-------- Data listing

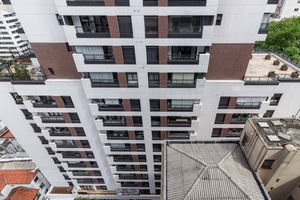 Image 7 - 896666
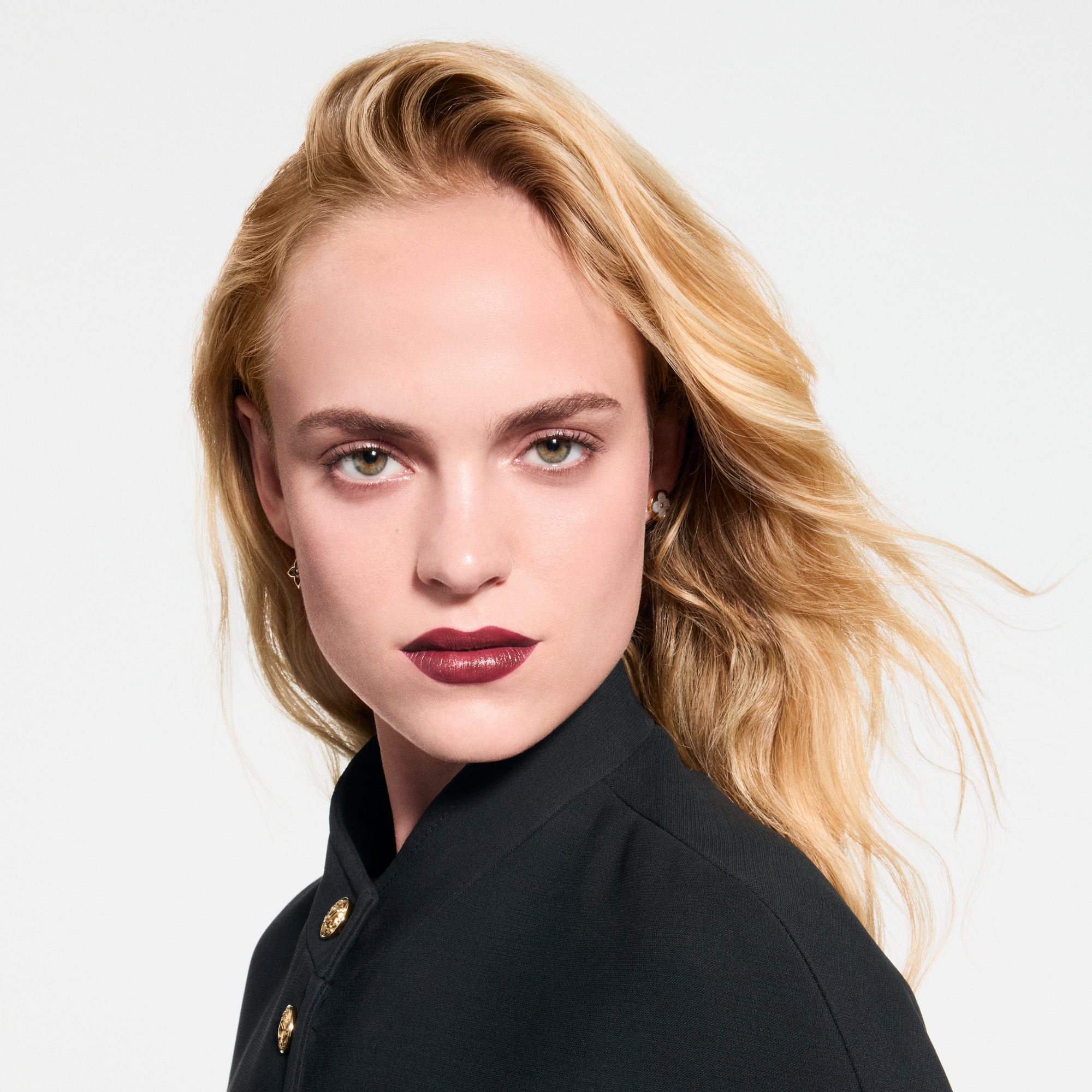 LV Rouge - รีฟิลลิปสติกเนื้อซาติน   in น้ำหอมและความงาม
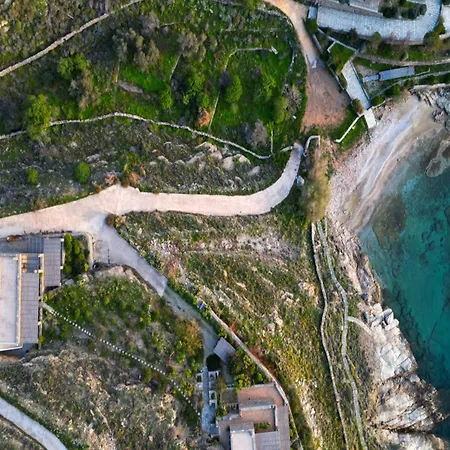 Charming Seafront In Kea Korissia (Kea)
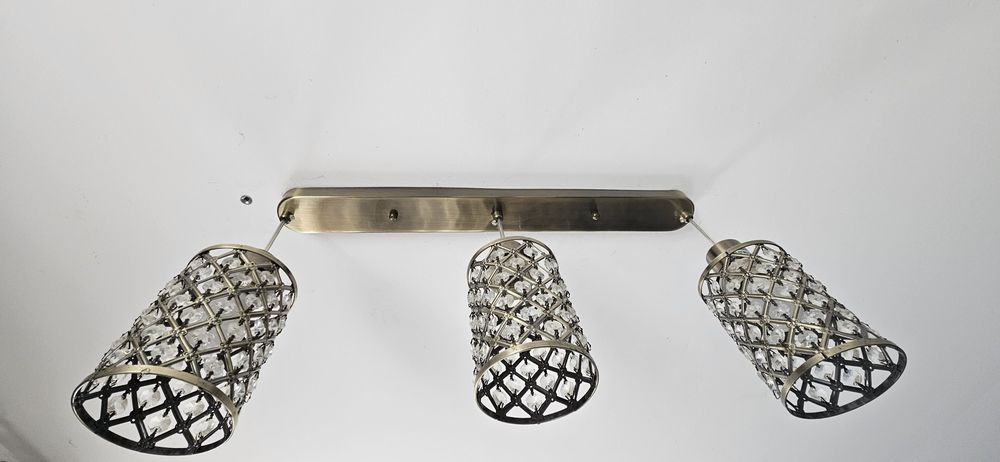 Lampa potrójna regulowana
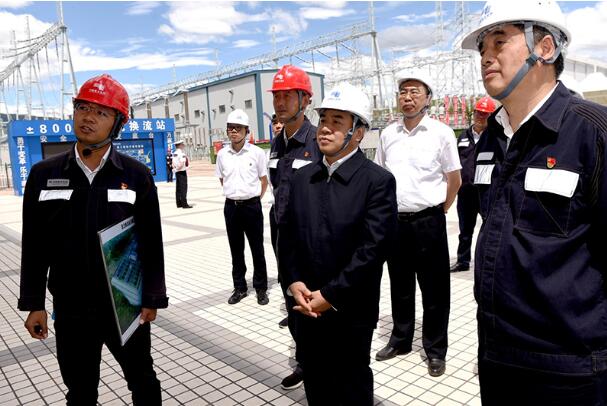 南方電網(wǎng)公司董事長(zhǎng)、黨組書記孟振平赴云南調(diào)研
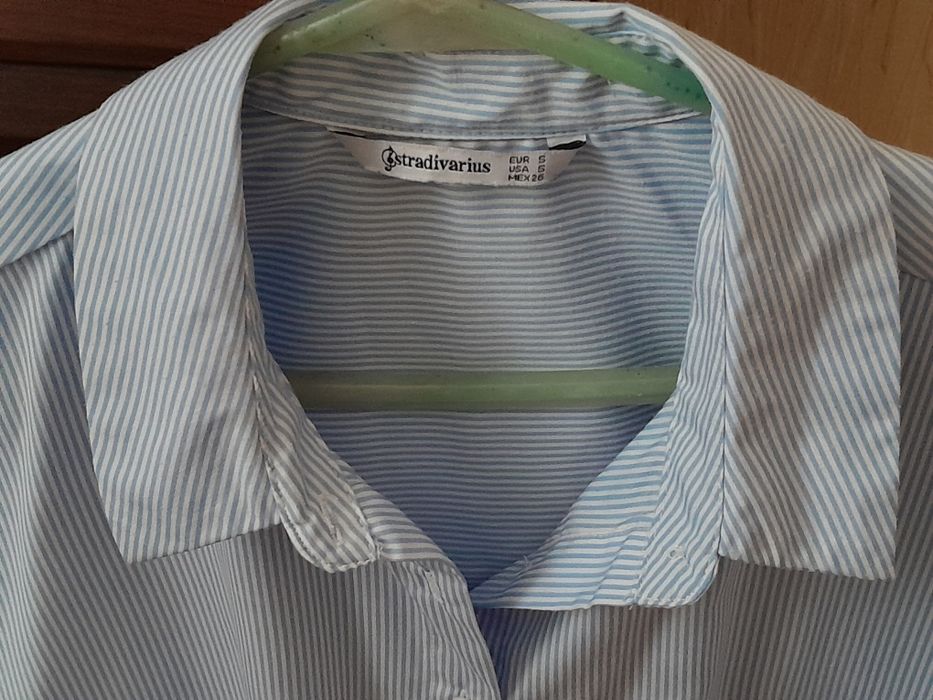 Жіноча сорочка Stradivarius.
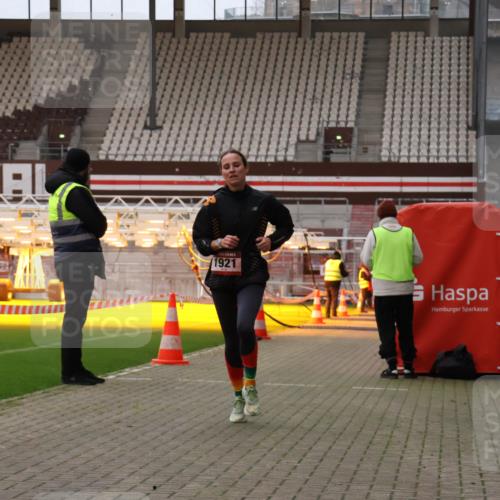 08.12.2024 - St. Pauli X-Mass-Run No. 14 Yannick Fuchs http://msf.ph/oto/7472664 08.12.2024 09:52:20 Ziel 44, 423, 1921, 2832 meine-sportfotos.de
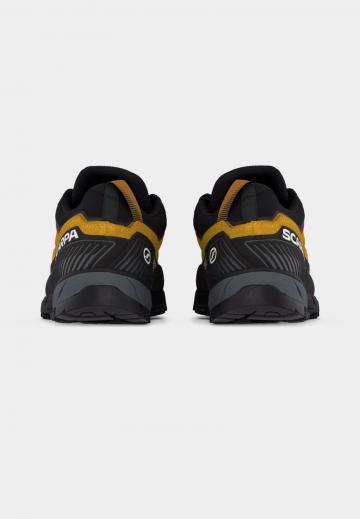 Походные кроссовки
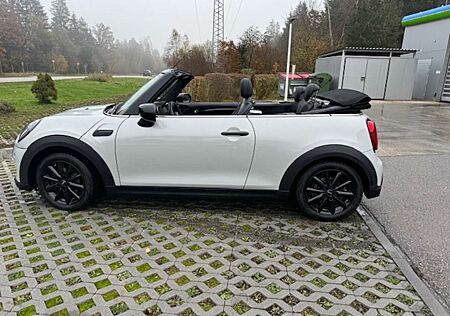 Mini Cooper Cabrio Aut. Yours Trim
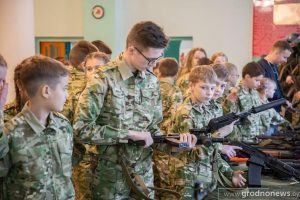 У 2020-м разганялі пратэсты, а зараз будуць вучыць дзяцей: у Гродне стварылі вайскова-патрыятычны клуб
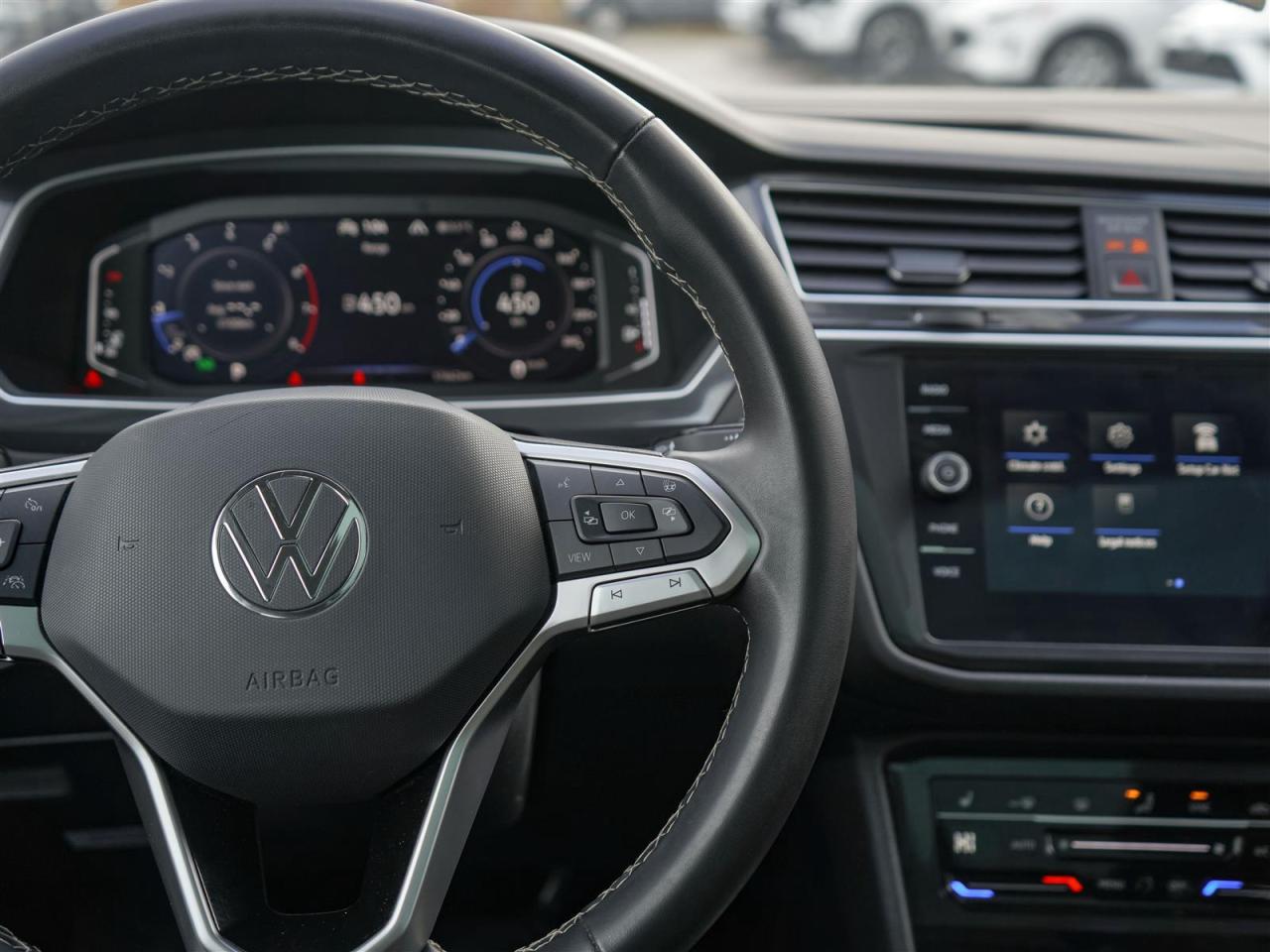 2024 Volkswagen Tiguan COMFORTLINE | PANORAMIC ROOF | NO ACCIDENTS Photo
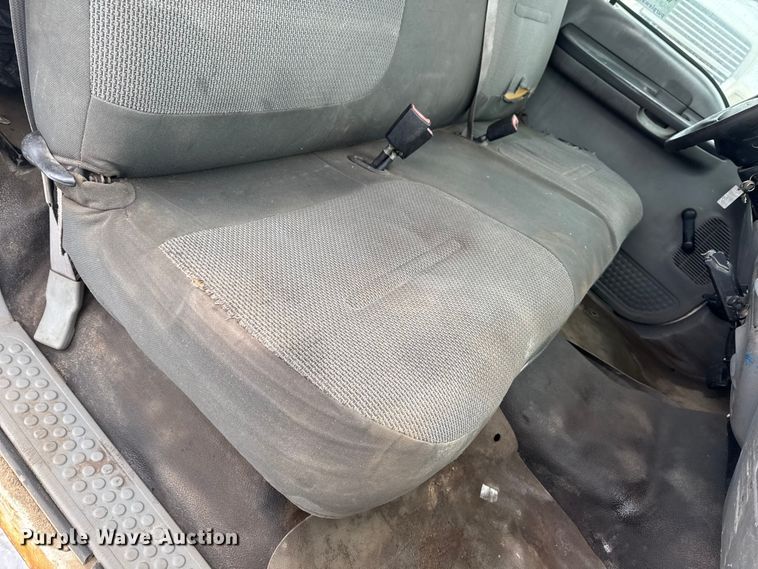 image for item EA2143 2003 Ford F450 Super Duty utility / service truck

----------------

■ Problem to solve
Every line above should be reproduced exactly, please, with no pictures included.

■ Output below
 Image 7 - 896666
 LV Rouge - รีฟิลลิปสติกเนื้อซาติน   in น้ำหอมและความงาม
 Charming Seafront In Kea Korissia (Kea)
 Lampa potrójna regulowana
 南方電網(wǎng)公司董事長(zhǎng)、黨組書記孟振平赴云南調(diào)研
 Жіноча сорочка Stradivarius.
 08.12.2024 - St. Pauli X-Mass-Run No. 14 Yannick Fuchs http://msf.ph/oto/7472664 08.12.2024 09:52:20 Ziel 44, 423, 1921, 2832 meine-sportfotos.de
 Походные кроссовки
 Mini Cooper Cabrio Aut. Yours Trim
 У 2020-м разганялі пратэсты, а зараз будуць вучыць дзяцей: у Гродне стварылі вайскова-патрыятычны клуб
 2024 Volkswagen Tiguan COMFORTLINE | PANORAMIC ROOF | NO ACCIDENTS Photo
 image for item EA2143 2003 Ford F450 Super Duty utility / service truck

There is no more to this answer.